▶ Work task
The answer must consist solely of the lines below starting at the one containing "比特币熊市终结，自2022年首次出现TD9反转信号" and ending at the one containing "WHO, '우한 폐렴' 비상사태 선포 여부 23일 결정", repeated exactly, with both ends included and all pictures omitted.

▶ Extracted information
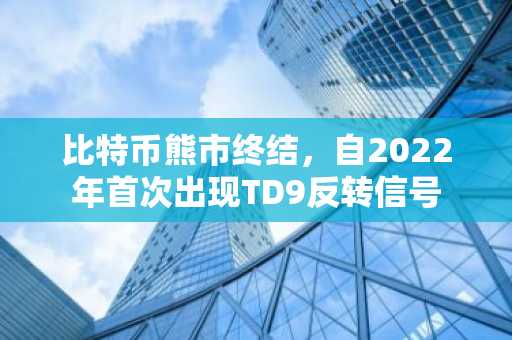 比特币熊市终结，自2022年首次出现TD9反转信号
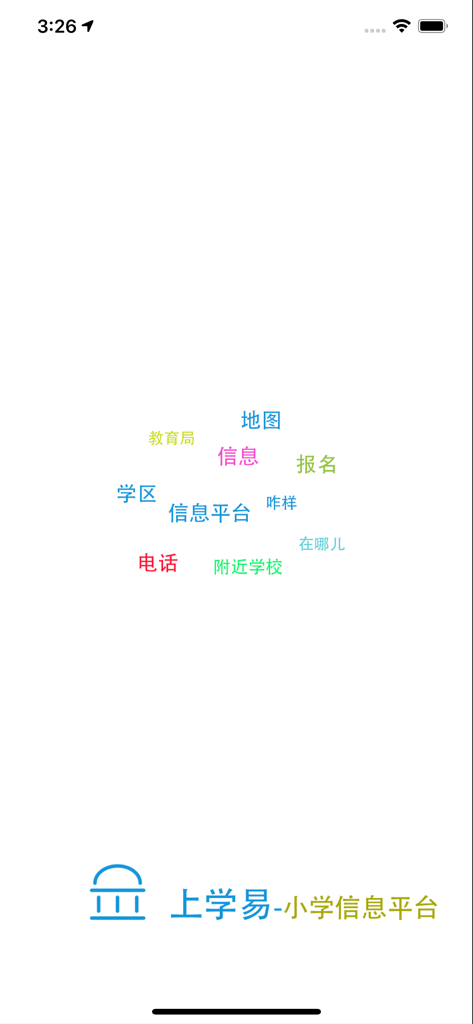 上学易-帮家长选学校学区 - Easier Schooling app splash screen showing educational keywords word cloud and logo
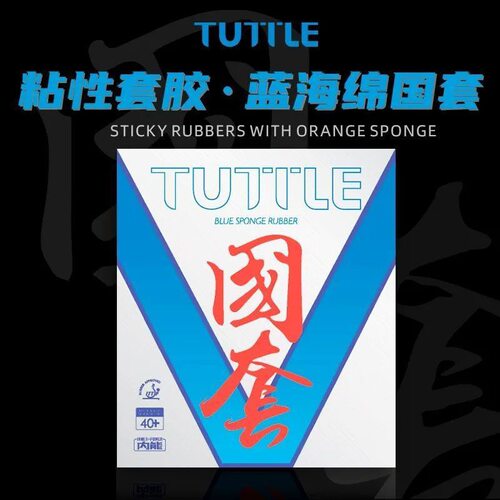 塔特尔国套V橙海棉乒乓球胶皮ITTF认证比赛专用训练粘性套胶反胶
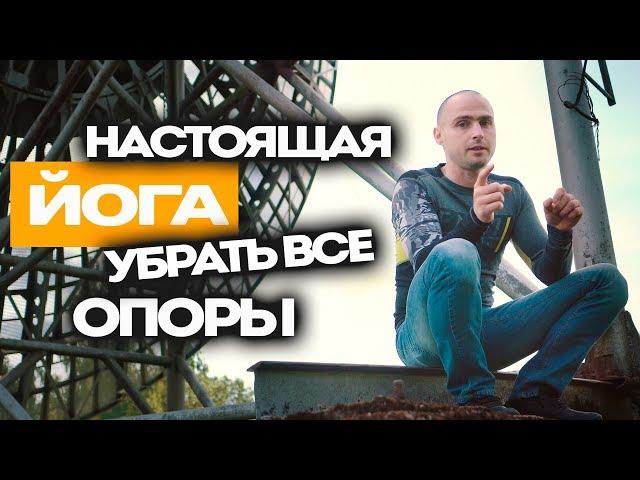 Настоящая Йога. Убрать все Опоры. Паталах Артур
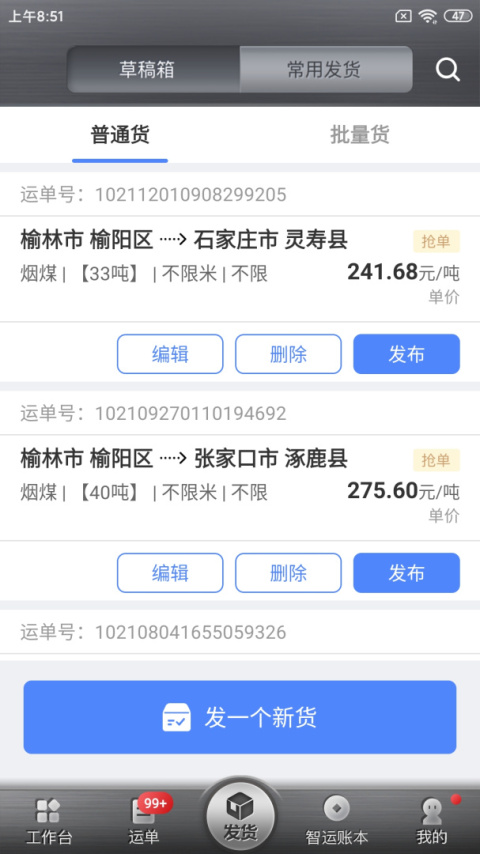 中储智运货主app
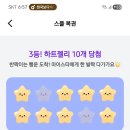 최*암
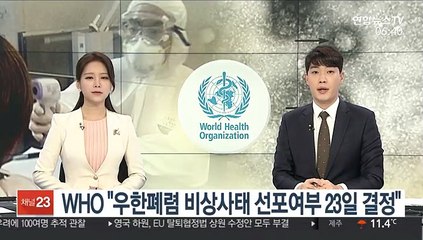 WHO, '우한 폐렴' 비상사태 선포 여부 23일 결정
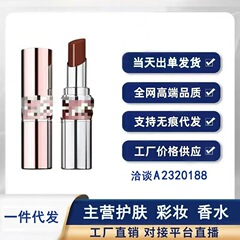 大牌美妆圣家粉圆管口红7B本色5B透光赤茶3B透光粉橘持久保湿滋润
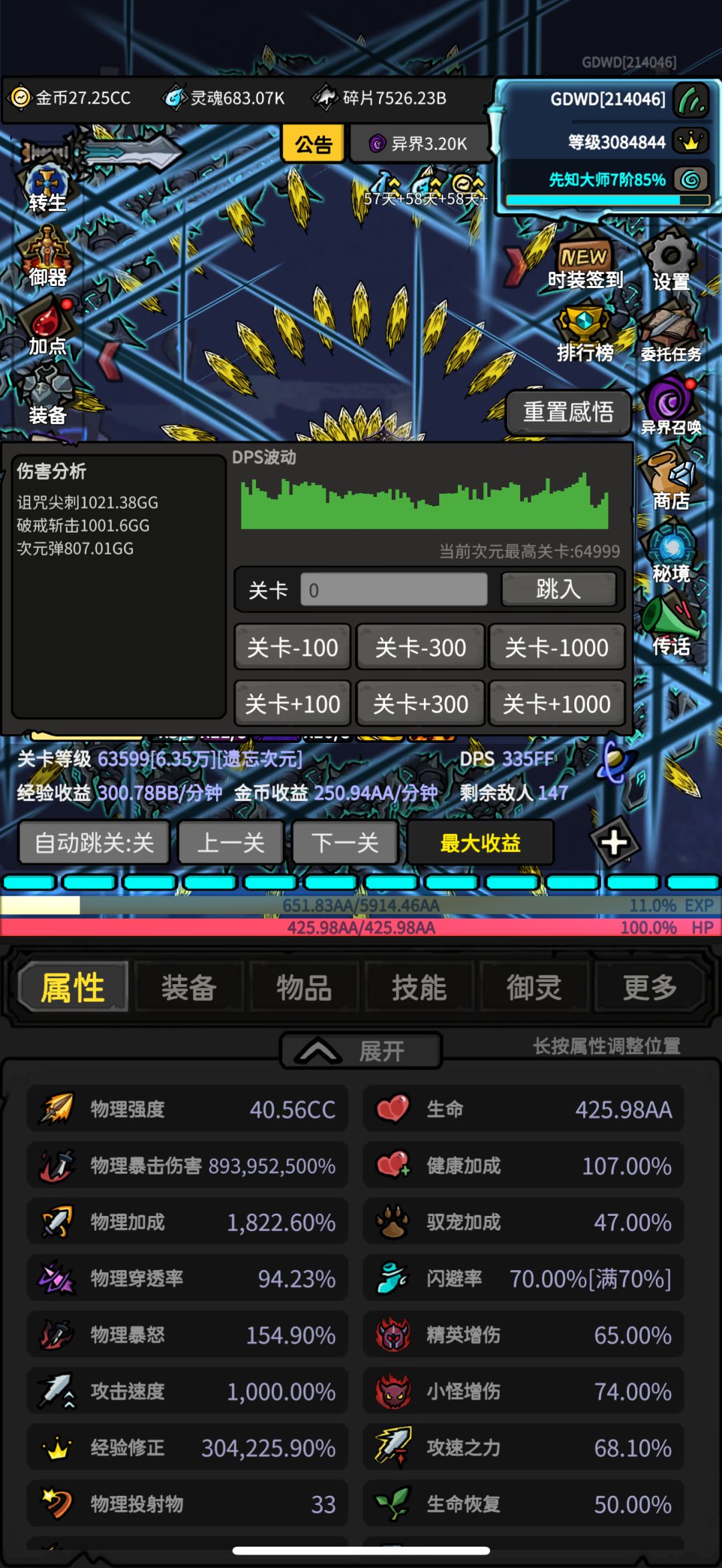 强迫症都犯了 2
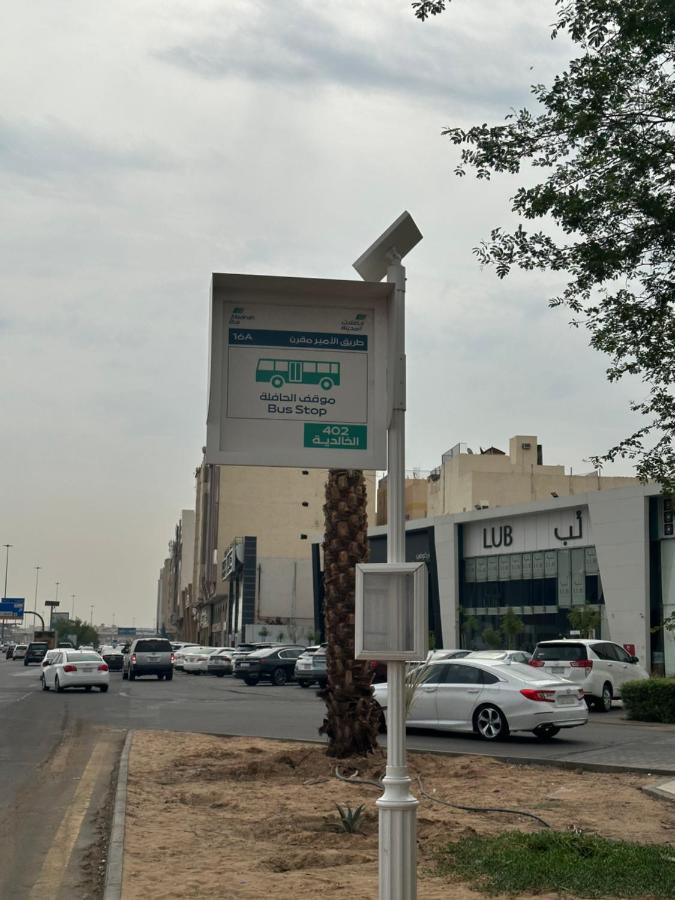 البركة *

--

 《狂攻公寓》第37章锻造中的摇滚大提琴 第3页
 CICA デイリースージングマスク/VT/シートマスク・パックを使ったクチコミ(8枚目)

▶ Task output
 比特币熊市终结，自2022年首次出现TD9反转信号
 上学易-帮家长选学校学区 - Easier Schooling app splash screen showing educational keywords word cloud and logo
 塔特尔国套V橙海棉乒乓球胶皮ITTF认证比赛专用训练粘性套胶反胶
 Настоящая Йога. Убрать все Опоры. Паталах Артур
 中储智运货主app
 최*암
 WHO, '우한 폐렴' 비상사태 선포 여부 23일 결정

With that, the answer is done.